I have done this with an actual board and the 123d.circuits.io simulator with the same result:

The code is basically verbatim from the tutorial as well (just added a Serial.println to the loop).

IC pin15, an output, is also Grounded, looks like.

And the LEDs are all shorted, turn them 90 degrees like so that they're in different rows.

And the LEDs are all shorted, turn them 90 degrees like so that they're in different rows.

Thanks that was it (I also removed the ground from 15)

I appreciate the help, I'm just getting started so I figured it was something basic I was missing.

You should also add some decoupling caps.

Shpaget:
You should also add some decoupling caps.

Where would you add that--ST_CP (pin 14)?

3mpire:
Where would you add that--ST_CP (pin 14)?

Oh, Good Lord - No!
It would be from pin 16 to Gnd.
De-coupling is something that can be made way too big a deal out of (now somebody will reply as though I insulted his Mom - wait for it...)
It would be 0.1uF (rated 10V or more.)

My mother said we would be better of using a 100 nF cap.

dave-in-nj:
My mother said we would be better of using a 100 nF cap.

Well, she's a right old cow.

When choosing between a 100nF cap and a 0.1uF cap for decoupling I always go for the 0.1uF :slight_smile:

May I ask what is the reasoning for deciding the decoupling capacitor's capacitance?
Obviously I'm not referring to the difference between 0.1uF and 100nF... I'm a noob, but not that much....

rlogiacco:
May I ask what is the reasoning for deciding the decoupling capacitor's capacitance?
Obviously I'm not referring to the difference between 0.1uF and 100nF... I'm a noob, but not that much....

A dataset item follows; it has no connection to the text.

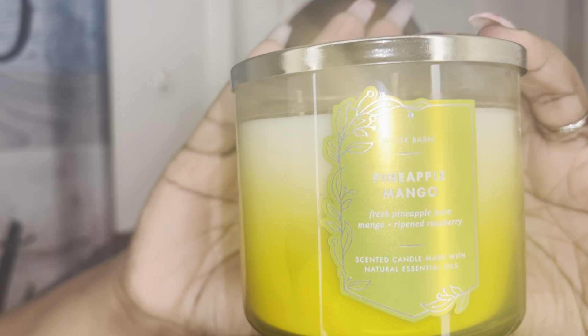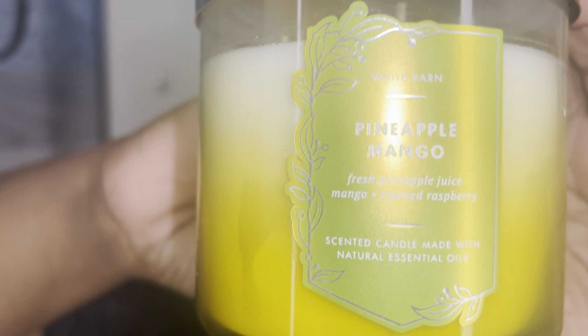Let's get started with these candles. This is how they came packaged from online — they came in good condition, thank God. The first one is the pineapple mango. Y'all, pineapple mango is the bomb.com — it smells amazing. I'm more of a fruity and tropical type, so I love scents that are fruity and tropical, and if it's floral, it needs to have a little sweetness to it.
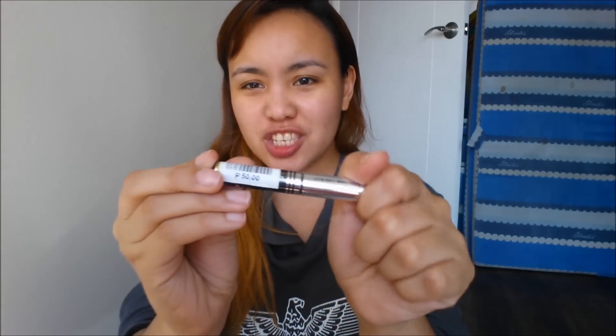I also have this eyebrow kit from Fashion 21 — it's 150 pesos, but this could be an eyebrow kit or an eyeshadow. And I was like, perfect. Then I got the Idol Classic Mascara. This is 50 pesos. It's just a small mascara, nothing too special.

EDN magazine has a very detailed article on choosing a decoupling capacitor.
http://www.edn.com/design/components-and-packaging/4351231/EDN-Access-09-01-95-Don-t-let-rules-of-thumb-set-decoupling-capacitor-value

Another article with better graphics Renesas Electronics Corporation

rlogiacco:
May I ask what is the reasoning for deciding the decoupling capacitor's capacitance?
Obviously I'm not referring to the difference between 0.1uF and 100nF... I'm a noob, but not that much....

Habit, it is good enough most of the time. At one place I worked then 22nF was the standard because those caps were marginally cheaper and we made boxes by the million.